Today is a big day in my family; my mother has to have a serious procedure done tomorrow, but the prognosis for an excellent recovery looks good — my brother is with her now, and I will be seeing her in a few weeks’ time.
I will of course be thinking about her all week, but I am certain everything will turn out fine, inshallah.
I myself have gone through a pretty bad diarrhea spell for the last 7 days or so, ever since I ate that delicious Bamia with lahma takeout from one of the Egyptian food restaurants in downtown Gouna: I suspect the meat, while tasty, was contaminated in some way.
Today was the first day I was able to put something solid in my stomach. I had one butter crossant from 7th Star in Abu Tig marina. The prices may be a little high there, but I have never had problems with any of their food, the service is excellent, though the crowds often a little too hip for my taste.
The croissant was fantastic! I am hoping it stays down without issues so I can wolf down the second one.
I also went to Bestway (a small QuickMart sort of place) next to 7th Star, and bought some tins of foul medames (fava beans), lentils (these have been impossible to find lately), a 6 Liter plastic jug of Netsle’s Pure Water (which, alas, I was horrified to read had issues a few years ago but not recently), some TP, paper towels, and dish washing liquid soap.
With only 18 days left for my stay in Gouna, I think — despite the endless pestering of flies and skeeters (trying to get into this house without one flying in is an acquired art, requiring much spastic hat waiving and arm flailing) coming to Gouna was a good idea.

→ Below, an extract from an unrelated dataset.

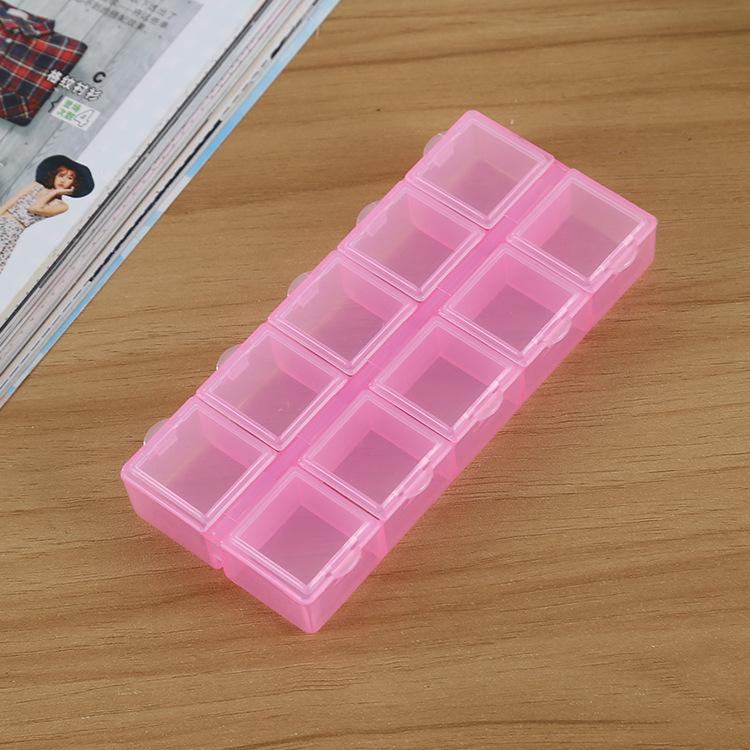Small Double-row 10-grid Manicure Phone Case with Diamond and Independent Lid Storage Box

I don’t think I would live in Gouna full-time (few do, except for the young Egyptians who do the heavy lifting that makes this place run), but a lot of my naive illusions about certain things, especially the past, have been punctured — which I will not get into here in any detail. Suffice it to say I was disappointed by some my experiences.

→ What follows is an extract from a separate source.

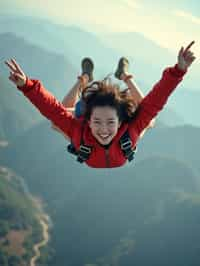 wide shot woman skydiving in the air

Even if you have no such expectations, Gouna can be quite monotonous if you remain in this rather aimless place for any length of time. The landscape might soon seem quite dull (or attractive, in its own reclaimed desert way).
Most of the people you are likely to meet here will be foreigners passing through for a few days, couples usually, or the guided groups that travel in packs.

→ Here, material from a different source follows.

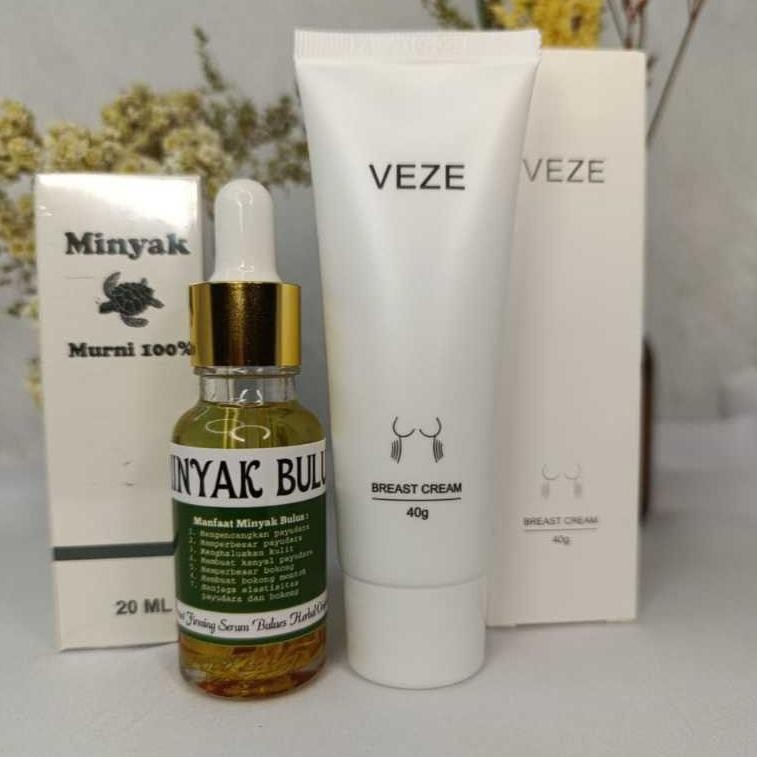 Cream Veze & Breast Mindyak Bulues Pembesar Payudara & Pengencang Payudara Krim + Serum Bulus Perawa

There is a lot going on beneath the seemingly placid surface, but you are unlikely to ever become aware of it, unless you speak Arabic and stay here awhile and cultivate people who can act as cultural informants and maybe find you nicer and much more affordable places to rent than on the Internet, for in Gouna, wasta, or connections are everything.
Most of the Egyptians who own villas or apartments in this tony strip of the Red Sea (except in El Bustan) come only on weekends (which starts here on Thursdays) but only when the sun is not scorching hot. You are unlikely to meet any of them, as they keep to themselves, and usually only mingle with another — it’s the “owner” credo, which will more or less shut you out of most local social interactions, as they stick to their own kind: as does the Brit ghetto, the German one, and so on.
Thomas Wolfe was right.
Sure it is nice to go kite surfing — if you are 20 — and take dune buggies on a “desert safari” — ditto — but even snorkeling gets old after a while. In my late 30s and 40s I became an avid scuba diver; alas, those days are now long over — and snorkeling just doesn’t do it for me.
You will find the constantly pestering huge flies are real annoyance; not just that, they are a health hazard, as are the ubiquitous mosquitoes. I hope this week-long stomach thing is not the sign of anything more serious than plain old food poisoning!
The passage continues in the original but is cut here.